Welcome to the Ice Age Coast
These are not Glacial Erratics
(mostly from the Holderness Coast)
Aluminium - from used ordinance
Armoured mud balls - boulders of boulder clay with attached pebbles
Asbestos - from roofs
Augen gneiss - imported from Scandinavia as "Rock Armour"
Bones and teeth - of animals buried by farmers in their fields
Brick - brick red normally. May have what appear to be borings!
China crockery - comes with many designs including the mock Chinese"willow pattern"
Chocolate covered digestive biscuits - seen at an exposure of Basement Till at Bridlington in 2019
Coal - it may have fallen off a boat in the past or be "sea coal". Often you can find patches of small black grains of coal gathered in a sand ripple on the beach.
Calcrete - a natural concrete formed by the percolation of hard water through sediment.
Concrete - grey. May be reinforced with steel rods. May be large structures from WW II such as tank traps and pill boxes.

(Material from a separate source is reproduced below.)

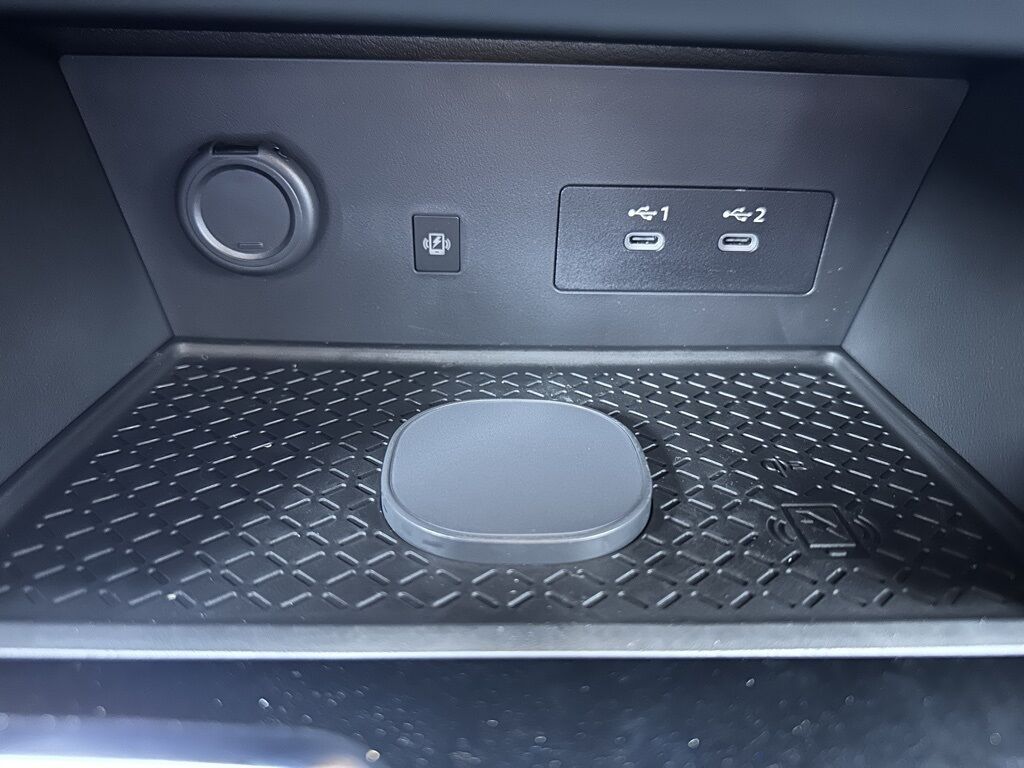 2026 Nissan Pathfinder SL San Clemente CA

May be coloured red or yellow when used as paving stones.
Dimension Stone - used for buildings such as this piece of carved New Red Sandstone.
Double yellow lines - No Parking on the beach!
Folded gneiss - large boulders from Scandinavia used as Rock Armour
Glass (or "sea glass" naturally frosted) - from broken bottles
blue
brown
green
clear
Graptolites - these are fakes drawn on Welsh slate with a pencil
Green glassy slag - hard, may be vesicular (containing bubbles), about 30mm across; mistaken for "meteorites". Origin - imported from Scandinavia and gets everywhere.
Iron - wartime defenses or car parts.
Land drains - unglazed terra cotta pipes and "U" shaped channels
Larvikite - imported from Norway as "Rock Armour", (note also occurs a natural glacial erratic)
Marble - white Cararra Marble from Italy used as worktops or slabs for rolling pastry
Oolitic Limestone - probably from the Middle Jurassic of Vale of Pickering used as "Rock Armour"
Pegmatite - imported from Scandinavia as "Rock Armour"
Plastics - get everywhere (seen here attached to rusting iron)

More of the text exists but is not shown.